“How was your day, dear?”

“Incredible. You won’t believe what happened to me on the way home from work.”

“Oh?”

“The office closed early, so I thought I’d stop by the Ticketmaster to browse the floor seats for Shania Twain and David Bowie, and maybe see if any George Strait tickets had been kicked back into the system.”

“You mean, like when people die and can’t use them and stuff?”

“Exactly. But when I walked into the place, all these bells started ringing.”

“Uh? That’s what happened during my kleptomania days when I tried walking out of Tower Records with that Misfits CD in my pocket.”

“Then the lights started flashing, and a big banner with ‘Congratulations!’ printed on it dropped down from the ceiling. As it turned out, I was Ticketmaster’s one zillionth customer!”

“You’re kidding!”

“Oh, it was fantastic! All the press was there, including television, radio and Drudge, plus celebrities like Dick Cavett, as well as the biggest promoter in the world.”

“Mr. Clear Channel was there?”

“Well, it was his son, actually. After all, it is a family business.”

“Thaddeus Victor Channel? Still, that’s pretty impressive.”

“I’ll say. Nice guy, too. Told me to call him ‘TV’ and he introduced me to his wife, Coco. Plus, his cousin from London was there, too.”

“The English Channel? Amazing. So, what happened next?”

Well, the The Irish Rovers came out and sang the Ticketmaster theme song.”

“‘Ticketmaster, My Ticketmaster?’ I love that song!”

“Who doesn’t? Anyway, the Rovers do their number, then TV starts giving me all these tickets for great shows like Genitorturers and Mannheim Steamroller.”

“Gosh, honey, you’re right. That really is remarkable.”

“But that’s not all. Just when I thought it was over, TV tells me, that as Ticketmaster’s one zillionth customer, I am to receive a very special pair of tickets. Tickets for a brand new tour. A tour that has never happened before.”

“What? A tour that has never toured? What was it? A new band? MTV’s flavor of the week?”

“Better than that, honey. Look.”

“Uh? Two tickets to see… see… Oh, my God!”

“That’s right! Two front row tickets to see Dave Matthews & Friends, featuring Trey Anastasio, Brady Blade, Tony Hall, Ray Paczkowski and Tim Reynolds! Plus, Emmylou Harris is also on the bill.”

“What? All that talent on the same stage? That’s fantastic!”

“Yep! Plus free parking the night of the show.”
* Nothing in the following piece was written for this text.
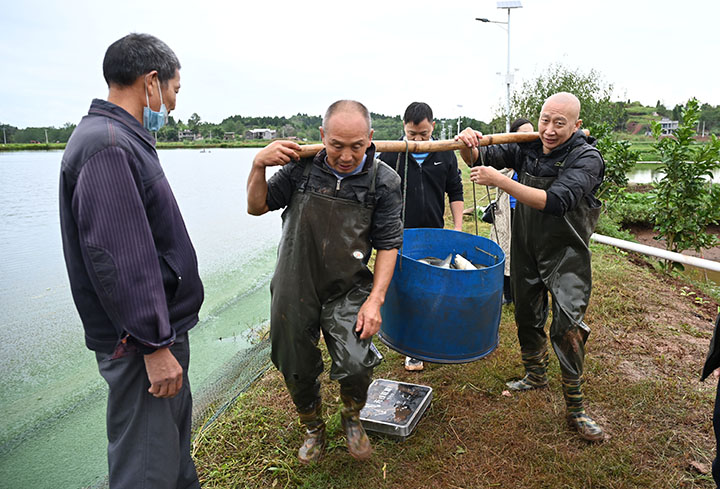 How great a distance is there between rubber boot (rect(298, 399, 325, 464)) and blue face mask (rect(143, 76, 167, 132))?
1.86 meters

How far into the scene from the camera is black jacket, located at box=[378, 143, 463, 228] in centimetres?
412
“Let me see if I got this straight. You stopped by the local Ticketmaster, where, as it turns out, you’re their one zillionth customer. You’re given a bunch of free tickets for great shows like Bryan Adams and that Aerosmith / KISS co-headline. And then, just when you think you’ve seen it all, the promoter gives you a pair of front row tickets to see Dave Matthews & Friends? You’re right, honey, that really is incredible. It’s… It’s… Unbelievable!”

“I told you.”

“Never in a million years would I believe this.”

“Believe it, honey. It’s true.”

“I mean, who would have ever thought a promoter would give us free parking?”

“I know. Kind of rekindles your faith in human nature, doesn’t it?”